Le juge de paix la salue d’un coup d’œil de connaissance où perce une raillerie, et dit:
—Madame Bascule, articulez vos griefs.
La partie adverse se tient de l’autre côté. Elle est représentée par trois personnes. Au milieu, un jeune paysan de vingt-cinq ans, joufflu comme une pomme et rouge comme un coquelicot. A sa droite, sa femme toute jeune, maigre, petite, pareille à une poule cayenne, avec une tête mince et plate que coiffe, comme une crête, un bonnet rose. Elle a un œil rond, étonné et colère, qui regarde de côté comme celui des volailles. A la gauche du garçon se tient son père, vieux homme courbé, dont le corps tortu disparaît dans sa blouse empesée, comme sous une cloche.
Mᵐᵉ Bascule s’explique:
—Monsieur le juge de paix, voici quinze ans que j’ai recueilli ce garçon. Je l’ai élevé et aimé comme une mère, j’ai tout fait pour lui, j’en ai fait un homme. Il m’avait promis, il m’avait juré de ne pas me quitter, il m’en a même fait un acte, moyennant lequel je lui ai donné un petit bien, ma terre de Bec-de-Mortin, qui vaut dans les six mille. Or voilà qu’une petite chose, une petite rien du tout, une petite morveuse...
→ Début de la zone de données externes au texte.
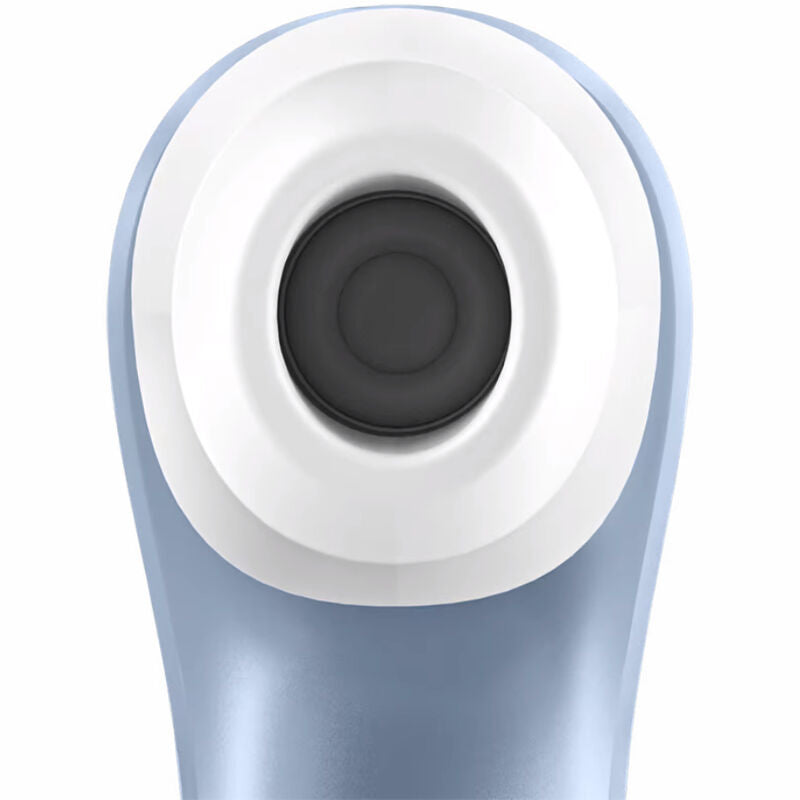 Gros plan sur la tête d'aspiration du Pro 2 bleu, embout blanc et orifice d'air pulsé. Ondes de pression enveloppant le clitoris sans frottement, 11 intensités.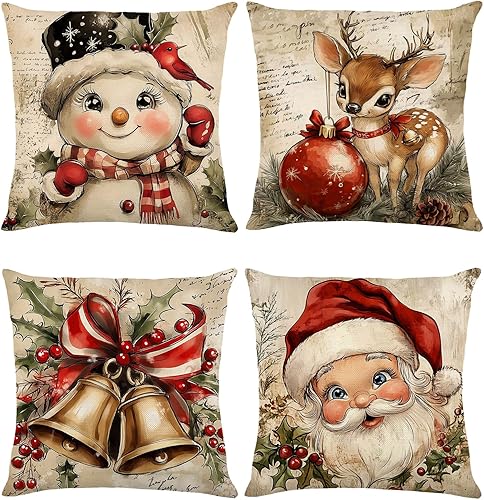 Juego de 4 fundas de almohada de Navidad de 18 x 18 pulgadas, fundas de almohada de lino vintage, muñeco de nieve y ciervo, funda de almohada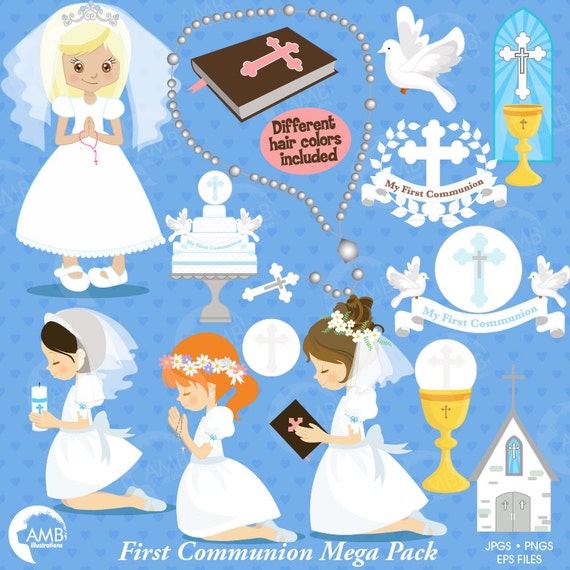 First communion clipart, Christian clipart, Bible, rosary, communion banner, create invitations & crafts, commercial use, AMB-1255 Il_570xn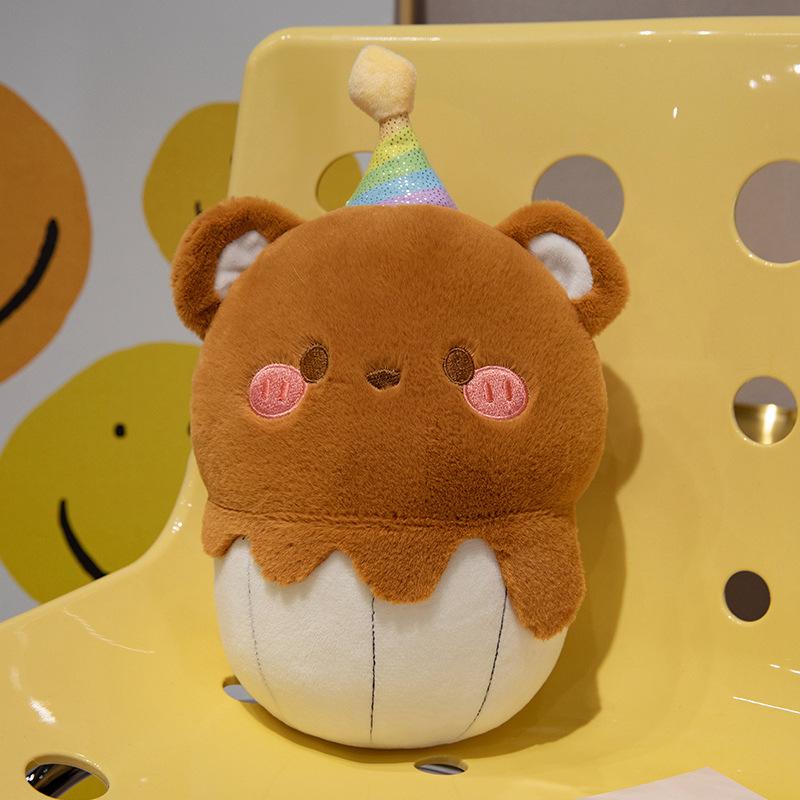 Cartoon Birthday Cake Sweetheart Dog Butter Bear Pig Doll Glowing Candle Plush Toy Singing Doll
Le Juge de paix.—Modérez-vous, madame Bascule.
Mᵐᵉ Bascule.—Une petite... une petite... je m’entends, lui a tourné la tête, lui a fait je ne sais quoi, non, je ne sais quoi... et il s’en va l’épouser, ce sot, ce grand bête, et il lui porte mon bien en mariage, mon bien du Bec-de-Mortin... Ah! mais non, ah! mais non... J’ai un papier, le voilà... Qu’il me rende mon bien, alors. Nous avons fait un acte de notaire pour le bien et un acte de papier privé pour l’amitié. L’un vaut l’autre. Chacun son droit, est-ce pas vrai?
Elle tend au juge de paix un papier timbré grand ouvert.
Isidore Paturon.—C’est pas vrai.
Le Juge.—Taisez-vous. Vous parlerez à votre tour. (Il lit.)